Let’s not “perfect” Australia Day by putting it on some benign day, so we can ignore the genocidal origins and criminal conduct of the Australian state. Australian nationalism isn’t something we need to improve, it is something we need to fight.

Every time nationalism is used to justify oppression, we need to shout: “Not in our names!” We need to learn the history of resistance to barbarism in this country, celebrate it and stand on the side of those who fought back.

Those like Dooley Bin Bin, Daisy Bindi and Clancy McKenna, three of the key organisers of the Pilbara strike, when more than 800 Aboriginal people walked off stations and workplaces across Western Australia on May Day 1946—beginning the longest strike in Australia’s history. Those like Sam Watson, who fought for justice for Aboriginal people his entire life and linked it to a world of struggles against oppression, like the movement against apartheid in South Africa.

Throughout history, there have been those who have resisted Australian barbarism. Being an “Australian” doesn’t tell you what side of justice you’re on: you can be John Howard, who ordered war crimes, or Julian Assange, who is being psychologically tortured for the crime of uncovering those atrocities. This country is deeply divided: some oppress, and some resist. This year on 26 January, you should join the ranks of those who resist. Attend Invasion Day protests wherever you are. Refuse to celebrate Australia.
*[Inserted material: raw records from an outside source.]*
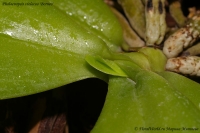 Phalaenopsis_violacea_Borneo_2-2.jpg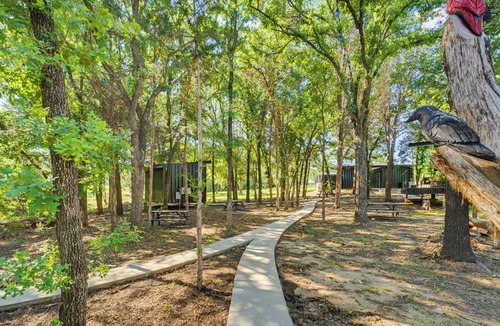 Alvord Cabin | The Barn Owl | Cozy Treehouse + Pickleball Court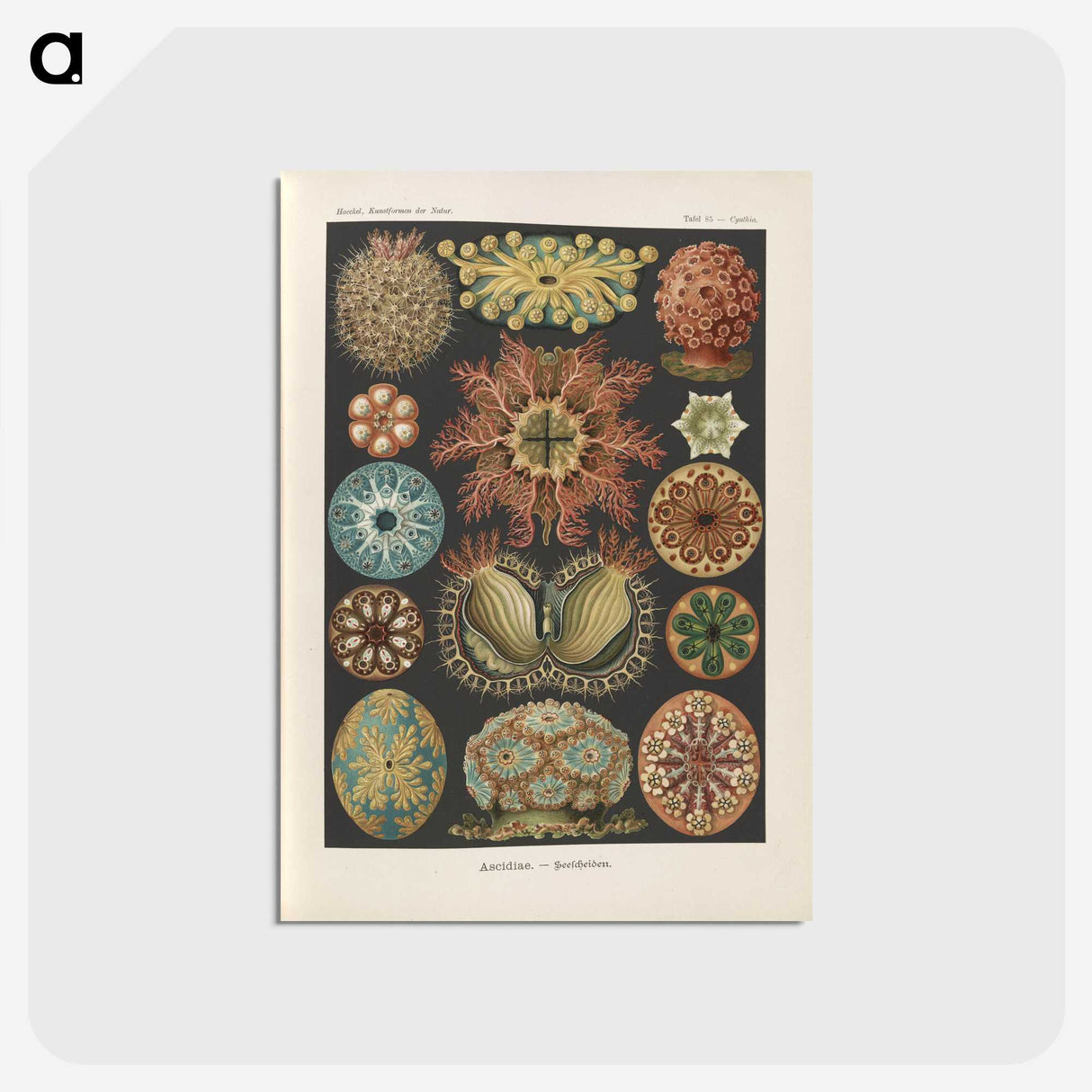 2-2_Ernst-Haeckel_postcard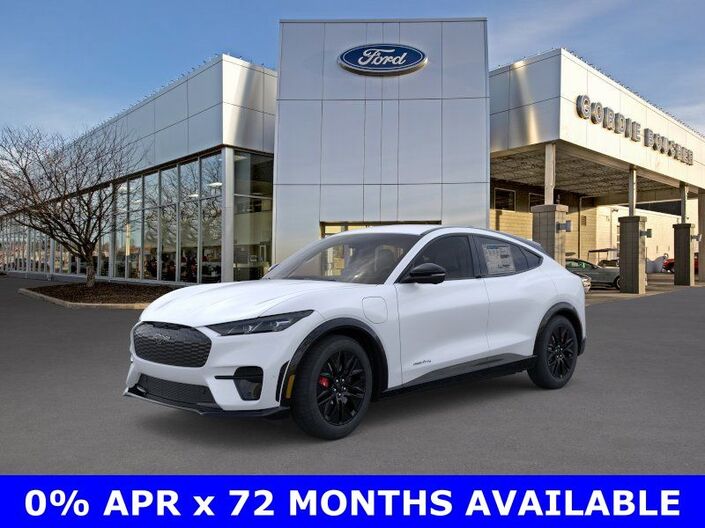 2025 Ford Mustang Mach-E Premium Oshkosh WI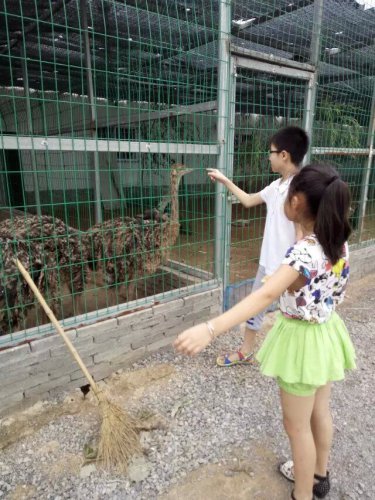 摘葡萄去喽!作文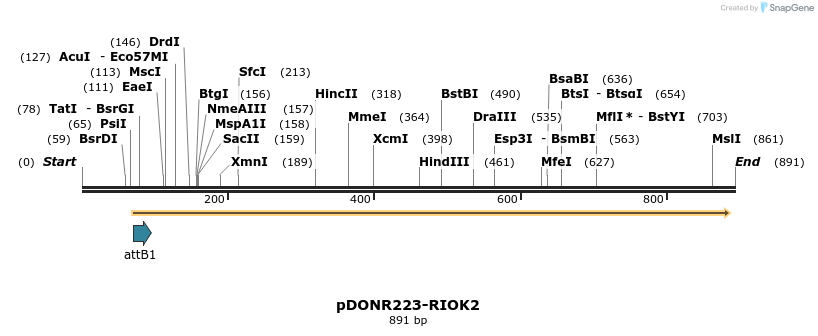 10790_map
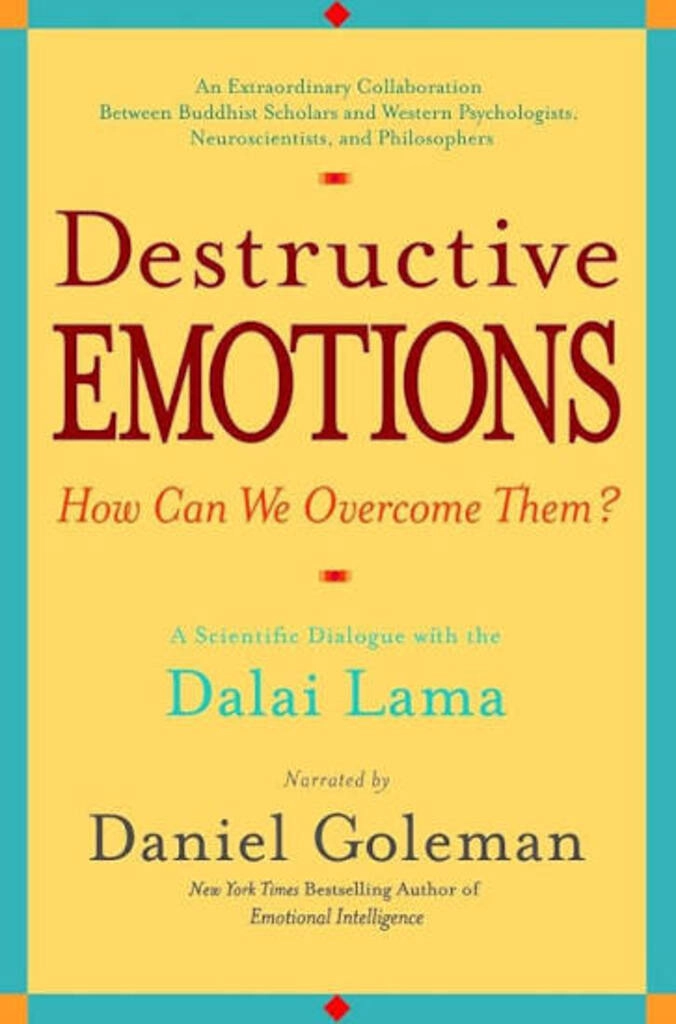 Destructive Emotions: And How We can Overcome Them (used, paperback, good condition)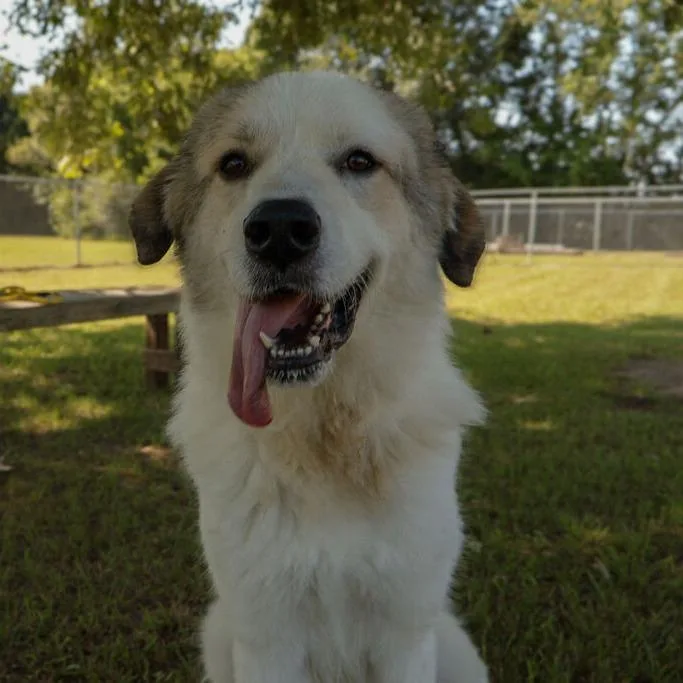 An adult large-sized female White / Cream Great Pyrenees dog named Flavia for adoption in Carencro, LA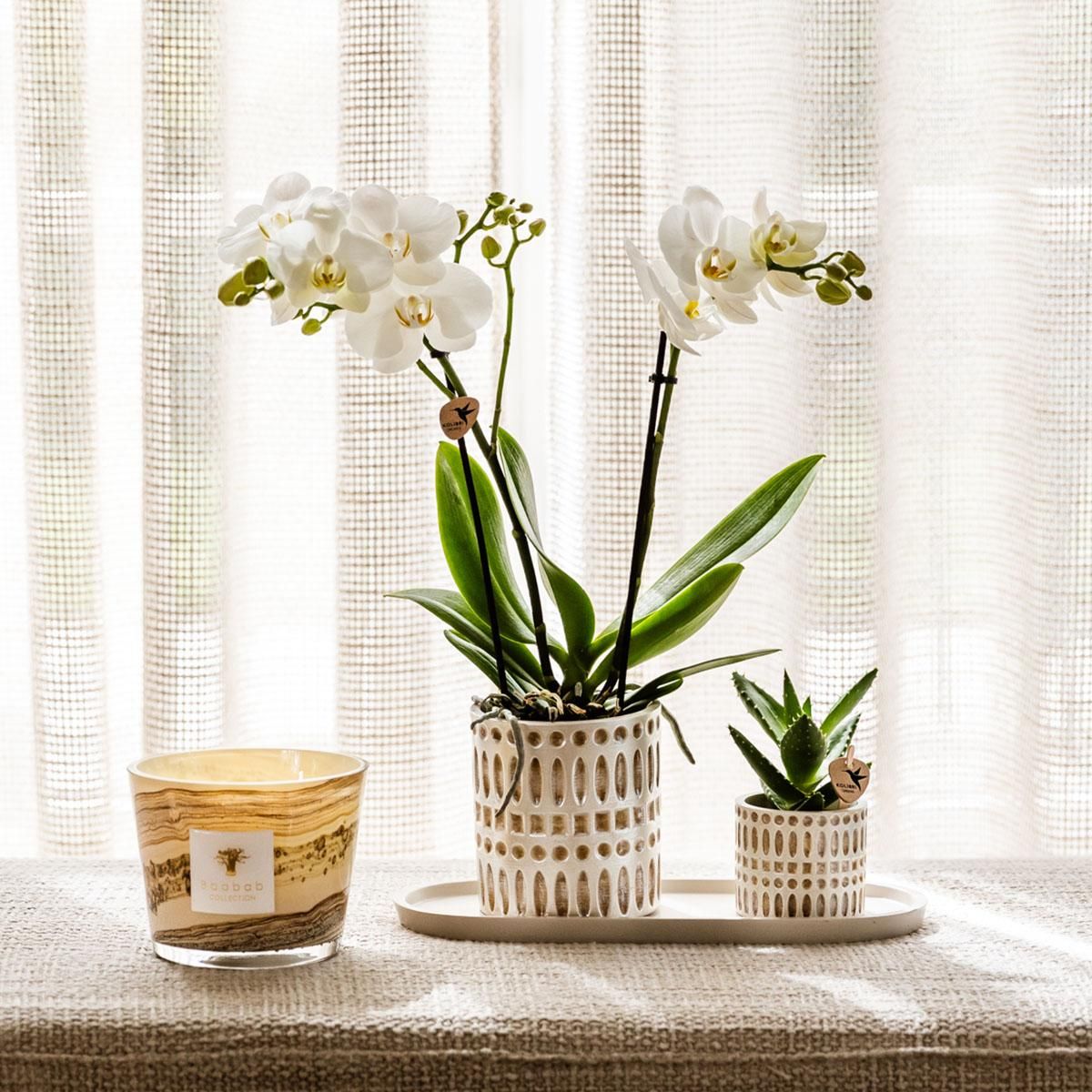 Dekotopf Mosaik Design – Blumentopf Ø9cm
But don’t just leave it to 26 January. Resist every day of the year. Turn up at Black Lives Matter demonstrations. Attend protests to free refugees from offshore detention and the hotels they are imprisoned in. Fight, and push others to fight alongside you. We don’t need to change the date; we need to change the world. And as radical Aboriginal activist Gary Foley told an Invasion Day rally in Melbourne: “If you want to change the world, it’s important to get together with others and be organised, because you can’t do it by yourself.”